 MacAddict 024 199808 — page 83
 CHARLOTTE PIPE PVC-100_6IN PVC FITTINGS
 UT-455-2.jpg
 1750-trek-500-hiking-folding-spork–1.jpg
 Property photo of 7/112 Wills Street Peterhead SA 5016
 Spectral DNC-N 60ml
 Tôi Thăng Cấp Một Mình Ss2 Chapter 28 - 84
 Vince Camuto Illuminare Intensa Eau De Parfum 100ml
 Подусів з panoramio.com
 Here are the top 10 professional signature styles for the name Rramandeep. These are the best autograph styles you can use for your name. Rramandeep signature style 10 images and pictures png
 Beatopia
--
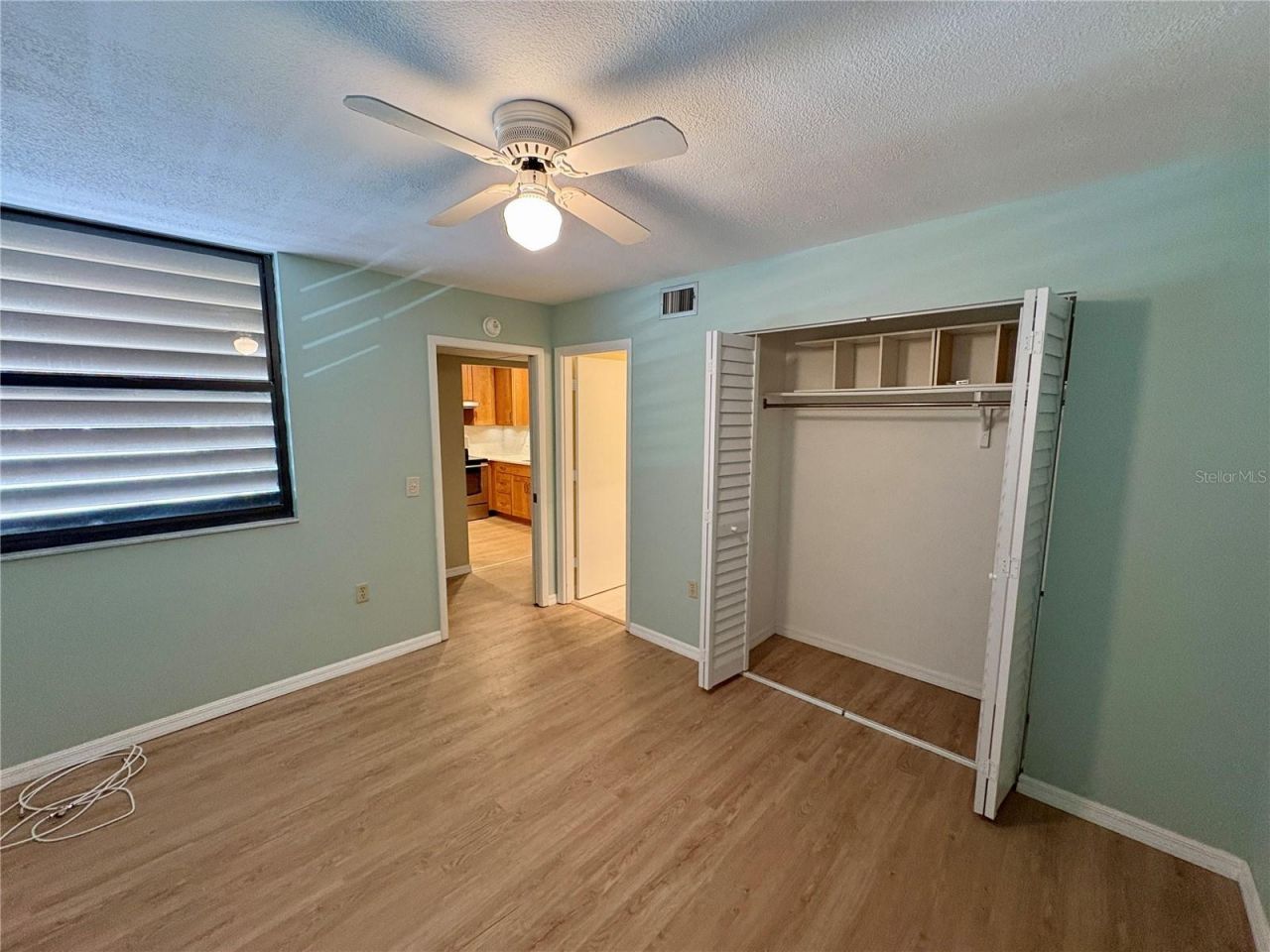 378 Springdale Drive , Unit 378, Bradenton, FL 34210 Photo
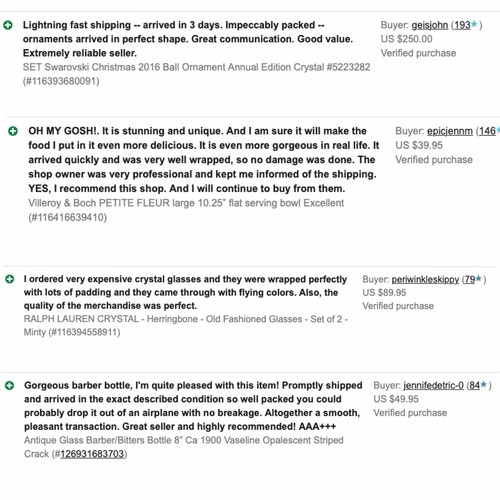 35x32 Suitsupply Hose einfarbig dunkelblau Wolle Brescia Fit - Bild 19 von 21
---
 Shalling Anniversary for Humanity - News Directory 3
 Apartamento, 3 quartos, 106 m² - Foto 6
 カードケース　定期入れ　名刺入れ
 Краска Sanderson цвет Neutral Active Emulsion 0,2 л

• Exercise goal: Of the lines above, output exactly those from the line bearing "カードケース　定期入れ　名刺入れ" through the line bearing "Краска Sanderson цвет", inclusive.

• Reply:
 カードケース　定期入れ　名刺入れ
 Краска Sanderson цвет Neutral Active Emulsion 0,2 л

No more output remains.